### Provided data
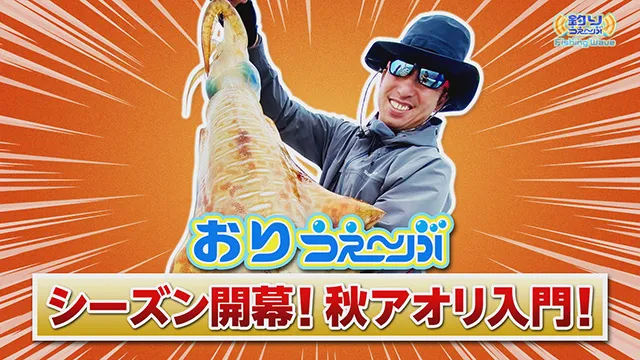 FishingWave 「シーズン開幕！秋アオリイカ入門」 メイン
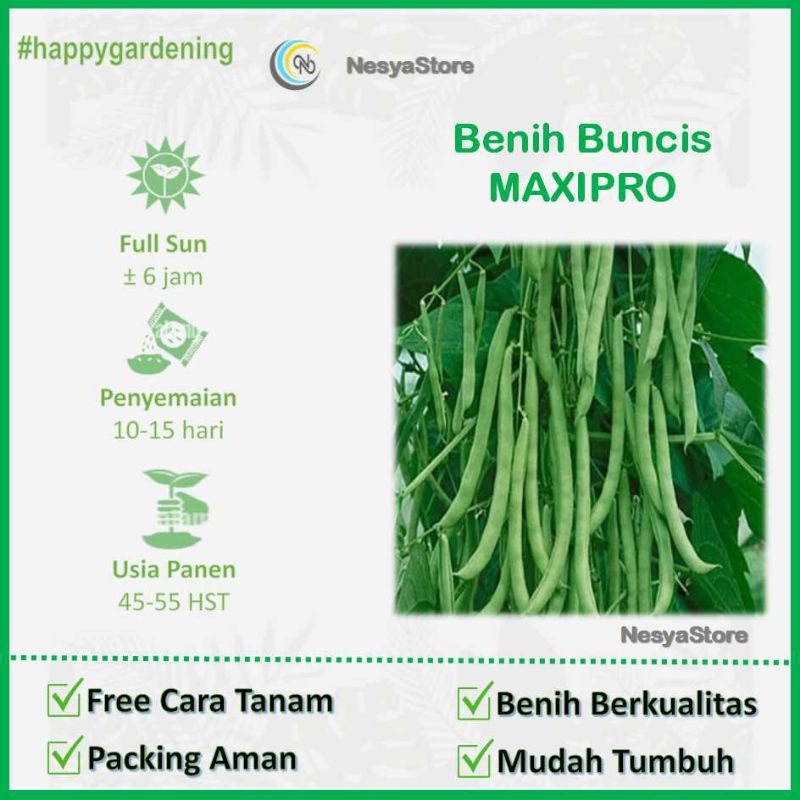 15 Benih Biji Buncis MaxiPro Panah Merah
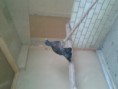 /album/fotogaleria/a20120925-164656-jpg/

### Exercise objective
Pictures aside, reproduce all of the data exactly.

### Answer for this exercise
 FishingWave 「シーズン開幕！秋アオリイカ入門」 メイン
 15 Benih Biji Buncis MaxiPro Panah Merah
 /album/fotogaleria/a20120925-164656-jpg/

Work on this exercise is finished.